WHEN HE delivered his health care speech yesterday, former Governor Mitt Romney was defending himself in a kangaroo court. Romney’s alleged offense — the Massachusetts health reform law — wasn’t an offense at all, and the only crime was that the former governor felt the need to cater to the most misleading and overblown criticisms of federal health care reform.
Romney deserves some credit for declining to distance himself from his Massachusetts plan. But his insistence that it’s only one approach, and that other states can safely make radically different choices (note the obligatory “laboratories of democracy’’ quote), is disappointing. His support for the principle of federalism may be sincere, but his willingness to elevate it above his avowed concern for those without health insurance feels like a self-serving compromise.
Romney has to know that leaving health care to the states would consign vast swaths of the nation’s population to inadequate coverage or care. It would get the federal government off the hook, and presumably allow wealthier states like Massachusetts to pursue more progressive paths; but even those plans would be undercut by Romney’s declaration that people — read “employers’’ — should be allowed to buy cheaper out-of-state plans. If enforced by the federal government, such a “freedom’’ would destroy states’ abilities to set minimum standards of coverage. It’s a curious position, to say the least, for a deeply committed federalist.
Politically, Romney was in an almost impossible position. The presumed GOP
frontrunner felt called upon to defend himself against charges of conservative apostasy . It didn’t help that the University of Michigan classroom where he delivered the speech resembled a court, and the lighting gave him two shadows.
When discussing his Massachusetts plan, and later outlining his ideas on how to bring market forces to bear on health care costs, Romney offered realistic assessments and some useful, pragmatic solutions: more group purchasing of insurance, the use of tax-free savings accounts to cover premiums, “alternative dispute resolution’’ rather than malpractice courts — all are smart proposals that could do some measurable good.
At those moments, one could see the gifted businessman at work. If Romney were free to use his incisive mind to craft pragmatic solutions to national problems, the country would benefit.
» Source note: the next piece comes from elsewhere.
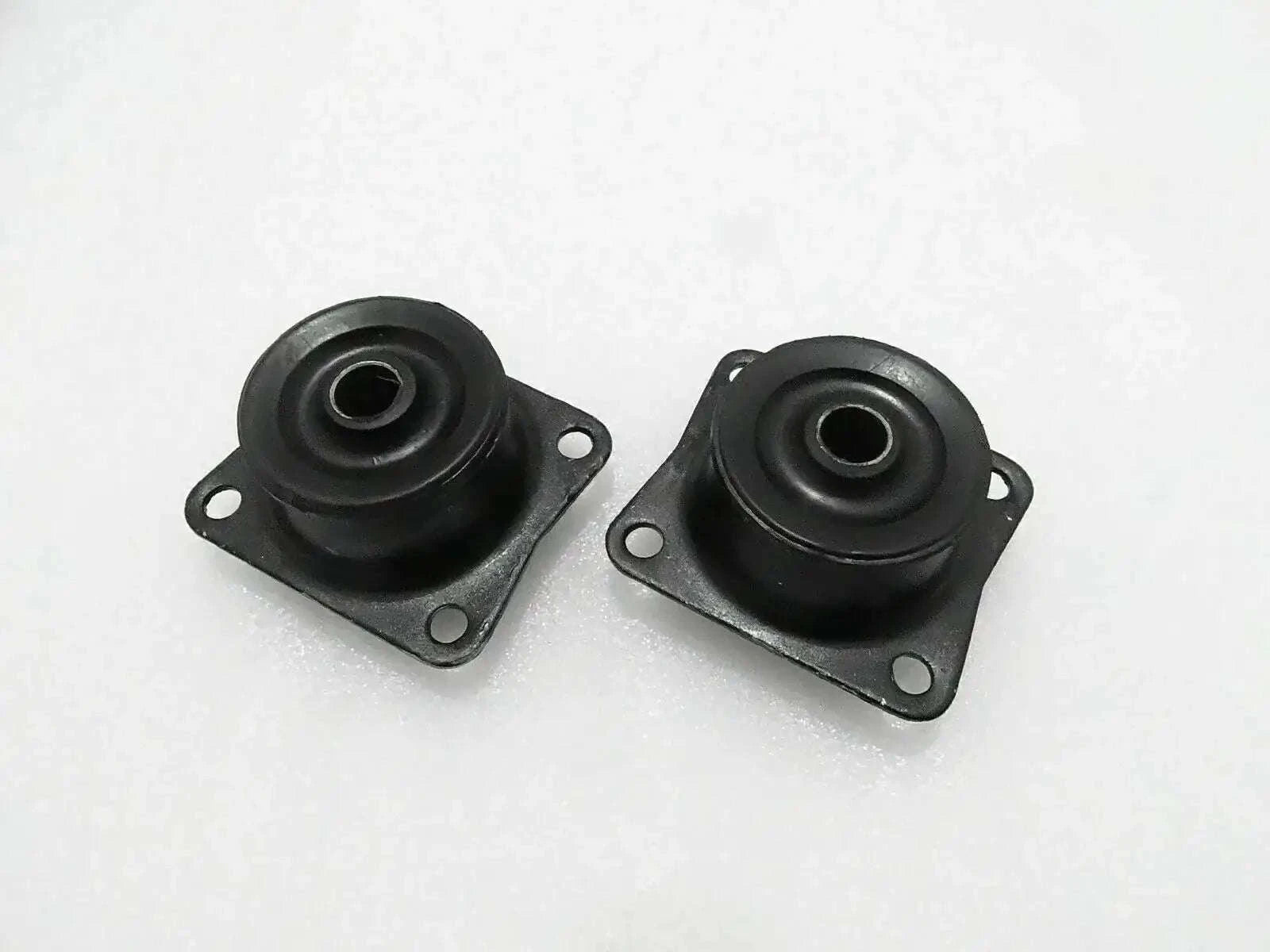 Pair of black rubber mounts with metal plates, mounting holes, and central eyelets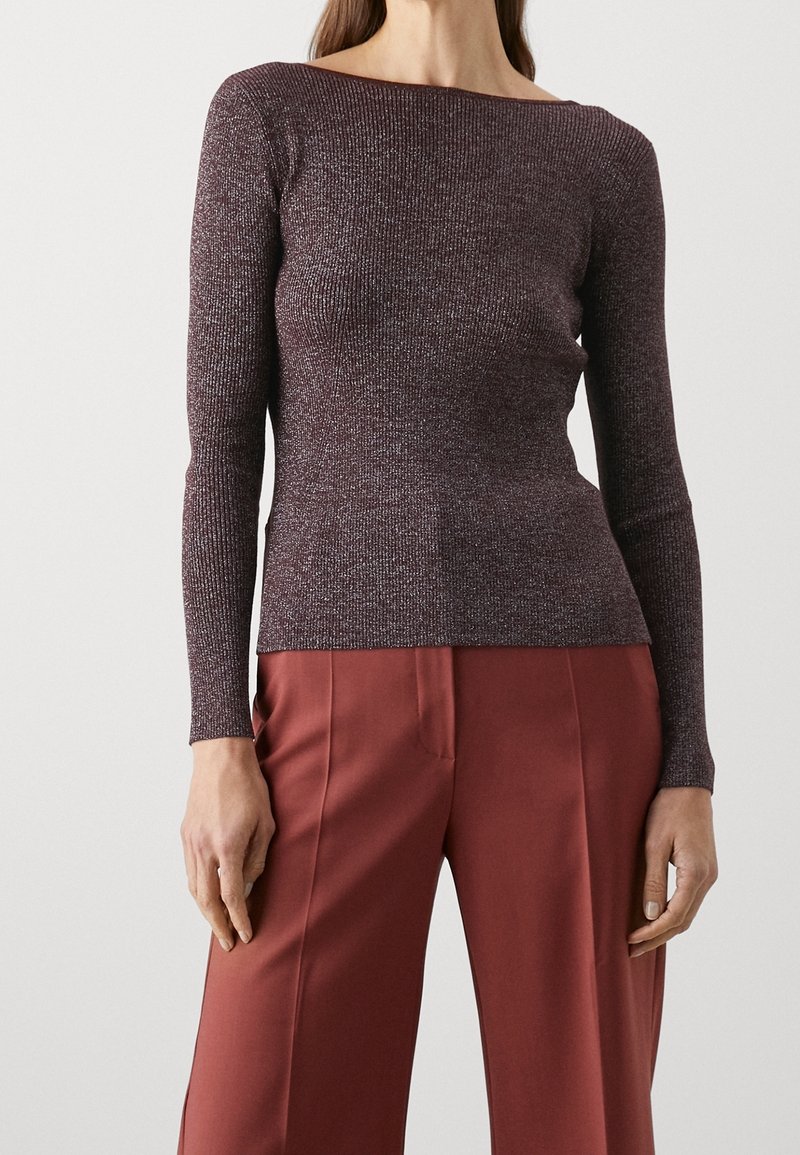 modell som bär en figurnära, djupröd, långärmad topp som är matchad med högmidjade, löst sittande vinröda byxor framför en neutral bakgrund.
He’s a talented public servant.
But the tragedy of Romney, which is really the tragedy of the Republican Party, is that there’s no place for such a person in today’s conservatism. So another Romney had to show up when discussing the health bill signed by President Obama. Suddenly, all the pragmatism was gone, replaced by sweeping bombast — “massive bureaucracy,’’ “kills jobs,’’ “economic nightmare,’’ etc.
It reduces the credibility of a man like Romney — the shrewd problem solver — to mouth such platitudes. As if pursued by those two shadows, Romney can’t reject his past and can’t repudiate the gross excesses of today’s conservatism. So he has to subject himself to spectacles like yesterday’s show trial. Guilty, as charged.